# Crab Island



## hooknpaddle (Dec 2, 2012)

Small triple spot red caught in the grass off crab Island, was fishing a yozuri crystal shrimp.


----------



## Night Wing (May 16, 2011)

Nice photos. Crisp and clear for viewing pleasure.

BTW, thanks for telling what artificial bait you used.


----------



## dakrat (Apr 14, 2012)

very nice! you caught it with your mouth? :thumbsup:


----------



## knot @ Work (Apr 18, 2012)

*First post*

Good job, great post for your first with pix. 

Keep posting. :thumbup:


----------



## PCfisher66 (Oct 13, 2010)

Good catch, I was going to go yesterday too, but the night before I had read rain for Sun so decided against it, guess I should have went.


----------



## ragsfisher (Oct 7, 2012)

where is crab island


----------



## kahala boy (Oct 1, 2007)

ragsfisher said:


> where is crab island


 North side of Destin bridge


----------



## stocke2 (Aug 14, 2013)

ragsfisher said:


> where is crab island





kahala boy said:


> North side of Destin bridge


And it's not really an island, just a sandbar that a bunch of boats anchor at to party on the weekend


----------



## Foulhook (Apr 26, 2010)

About 20 years ago it was an island during low tides and in the winter.


----------



## Collard (Oct 23, 2007)

Wirelessly posted (Not the droid youre lookin for)

Beautiful fish.
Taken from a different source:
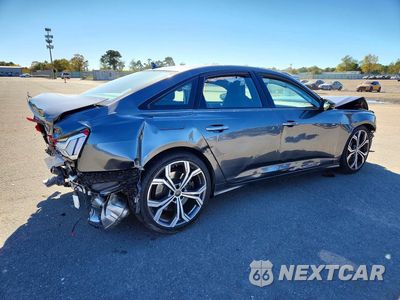 Trzecie zdjęcie samochodu z tyłu: 2024 AUDI S6 PREMIUM PLUS VIN:WAUEFBF28RN021202 - miniatura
Good job


----------



## stocke2 (Aug 14, 2013)

Foulhook said:


> About 20 years ago it was an island during low tides and in the winter.


are you sure that wasnt more than 20 years ago


----------



## TheLooney1 (Jul 2, 2009)

Foulhook said:


> About 20 years ago it was an island during low tides and in the winter.


Still does this today. Not very big, but there are areas of sand showing in the winter. along with about 1000 redheads...


----------